Ferris’s wheel had a little more life in it.  It wasn’t bringing in much revenue in its Lincoln Park location, since the park did not have a liquor license, so when some entrepreneurs wanted to buy it, take it down, and ship it to St. Louis, the city was happy to bid the wheel adieu.  It was re-erected in St. Louis for the Pan-American Exposition of 1904.  When that fair was over, the wheel was brought down with TNT, collapsing into a mass of scrambled steel and sold for scrap.  It was an ignominious end to a marvel of civil engineering.

The original wheel may have perished, but as everyone knows, the idea of the Ferris Wheel caught on, and thousands were built, smaller and more portable, for county fairs across the country.  And they have always been called "Ferris wheels”.  Ferris has achieved some kind of immortality after all, although one must note that the two largest modern Ferris wheels, the only ones to exceed the scale of the 1893 wheel, have dropped the name Ferris, and are called "The Eye” (London), and “The Flyer” (Singapore).

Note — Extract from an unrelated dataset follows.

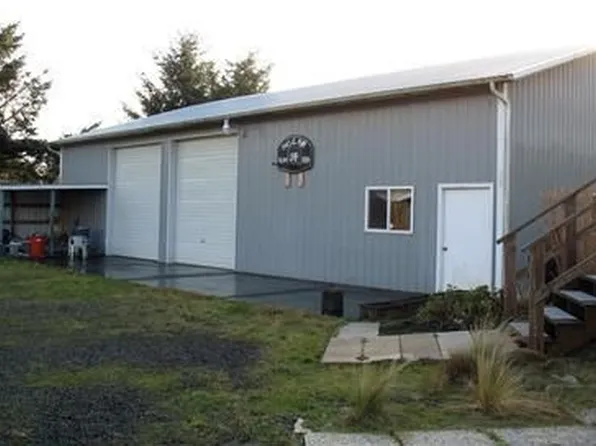 6 Olympia St E, Chinook, WA 98614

Most of our images were drawn from a Scientific American article in their July 1, 1893 issue, just two weeks after the Ferris Wheel was inaugurated.  The front cover (first image) showed the scene at the opening; we also show a detail of that cover, showing the crowds and the gondolas at the bottom of the wheel.  Two of our images, a photo of construction in process (fifth image), and photo of the Midway from the top of the wheel (eighth and last image), came from a useful website called “Chicagology,” with many images of the 1893 wheel.  There also survives a brief 50-second film of the wheel in motion, made in 1896 at the Lincoln Park location.

Recently, it was announced that the 45-ton main shaft has been located by a metal detectorist, in St. Louis, buried underground, not far from where the Ferris Wheel stood in 1904.  Or at least he detected a 45-foot-long metal object buried there.  As it lies under a road, it may not be excavated anytime soon. But if it hasn’t completely rusted away, it might be nice to dig it up someday and give George Ferris a physical monument that we can walk up to and touch.

Dr. William B. Ashworth, Jr., Consultant for the History of Science, Linda Hall Library and Associate Professor emeritus, Department of History, University of Missouri-Kansas City. Comments or corrections are welcome; please direct to ashworthw@umkc.edu.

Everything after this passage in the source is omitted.